The Woodyard, Thoresby Estate.

 

Above: The Woodyard, Thoresby Park, photographed in 1964 from a tree top near the start of Chestnut Avenue. (The remnants of the Duke's carriage way, leading from Thoresby Hall to Buck Gates, are still visible from mid left to the road.)

The Woodyard is situated at the other side of Thoresby Lake from Thoresby Hall, outside the region known as the Pleasure Grounds. It was built in 1876, during the time of Sydney William Herbert Pierrepont, 3rd Earl Manvers, at a cost of £64,000. This is where the timber grown by Thoresby Forestry Department became the Estate’s fences, telephone poles, window frames, doors, and much more.

Selected trees would be felled after the leaves had fallen, and the sap was no longer rising. These would be taken to the Woodyard where the 40 H.P. gas engine of the large central saw mill cut them into their desired formats. This saw mill, the large central building on the picture below, was run by Jack Williamson and his staff of about six men. It was also the location of the band saw, lathe, and various other powered woodworking machines, the floor to the saw mill concealing a maze of pulleys, shafts and drive belts. I well remember waking to the sound of Jack's early morning saw, and the smell of the fresh cut timber which would then be stacked in the central drying shed for two years before being used in the joiners' shop at the Woodyard’s entrance. At the rear of the yard, next to the “sand pits”, was the "shavings shed" in which younger, slimmer, timbers were manually stripped of their bark.

Beside the saw mill was a huge, black, metal creosote tank, 20 foot long and 5 foot diameter. This is where fence posts and poles would be left to soak as the tank was flooded with creosote, a banned substance today. It resembled a submarine, as a young child was able to stand upright inside.

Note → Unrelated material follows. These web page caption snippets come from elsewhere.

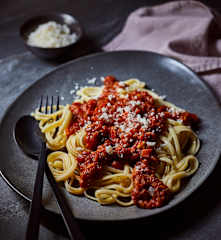 Auberginen-Linsen-Pasta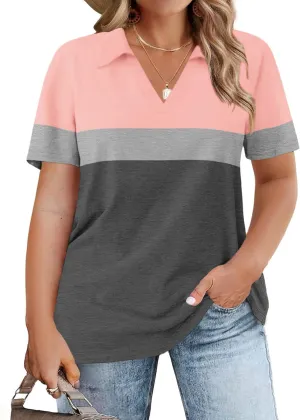 ROSRISS Plus-Size-Tops-for-Women Summer Loose Fit Short Sleeve Casual V Neck Polo Shirts Trendy Color Block Collared Tees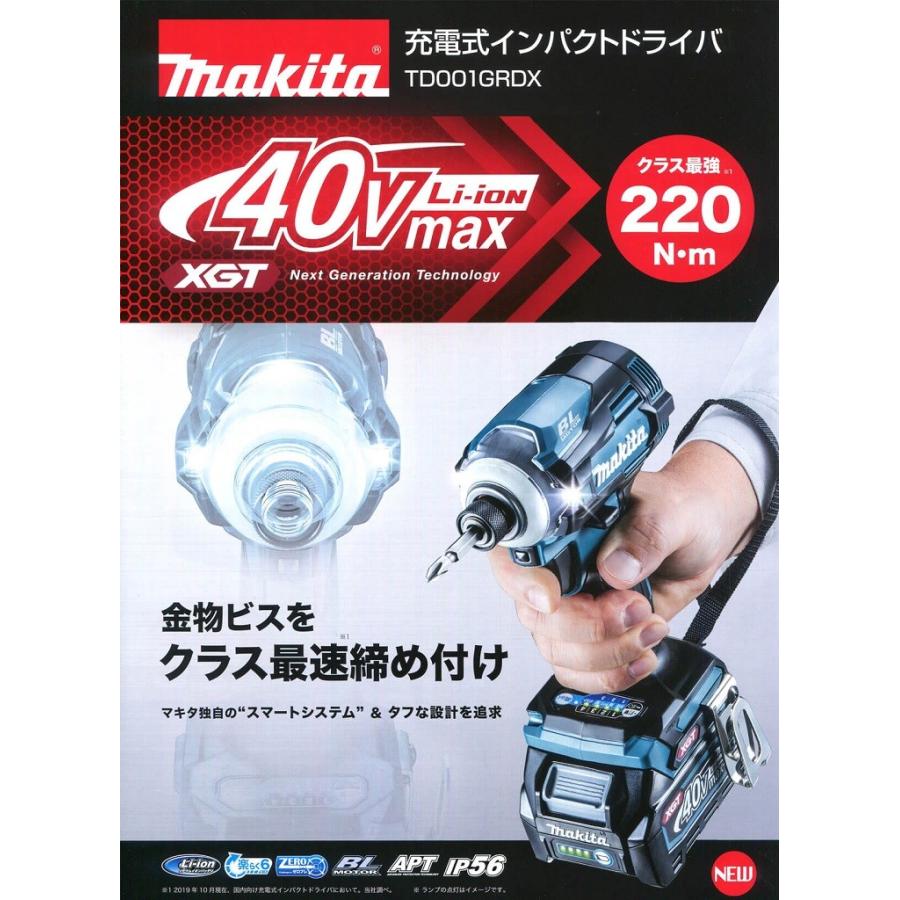 マキタ電動工具 充電式インパクトドライバ TD001GZ 青 40V 本体のみ ...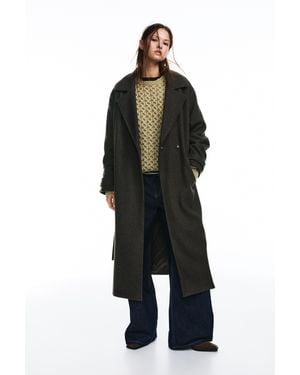 Pull&Bear Manteau Long En Drap De Laine Avec Ceinture - Noir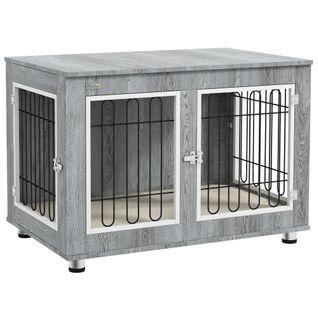 Cage Pour Chien En Métal Avec Coussin, 2 Verrous, Portes Doubles, Gris, 90 X 58 X 65 Cm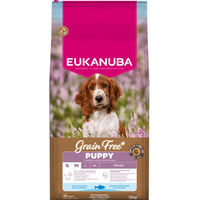 Produktbild von Eukanuba Welpenfutter Trockenfutter für kleine und mittelgroße Rassen mit Fisch getreidefrei und glutenfrei 12 kg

As the nation's oil lamps gave way to gas, a gas works was installed behind the cottages on the northern side of the yard at a cost of £2,251. This supplied Thoresby Hall, Perlethorpe Church, the path to the Hall and its gates, Perlethorpe School, and Buck Gates. During the 1930's, Johnny Mellors lived in the Woodyard cottages and three times a week took a horse drawn cart to Ollerton Station to get coal for Thoresby Hall's boilers.

In August 1940 a number of incendiary bombs fell on Thoresby, and Walesby. During the night of 29th August the Woodyard caught fire as a result of this but no extensive damage was done.

On the right of the Woodyard entrance was the office of the Clerk of Works this being Johnny Mellors in the 1930's, Noel Whitworth from 1940 - 50, and Jack Bramley between 1950 - 1963. Opposite his office was the main joiner's shop in which worked such personnel as William “Jock” Craig, foreman of the Woodyard during the 1950's – early 1960s, and Gran Gilliver. Others in the workforce included Bill Nunn and Jack Kenyon, the latter of whom was also the church boiler stoker in 1959. All these men took great pride in their skills and versatility.

Above: The Woodyard in 1984. Three Gables can be seen on the distant right. The large central building was the saw mill, whilst the works van parked inside the building on the left.






Above: In 2019 I was permitted to take a last look around The Woodyard, Thoresby Park.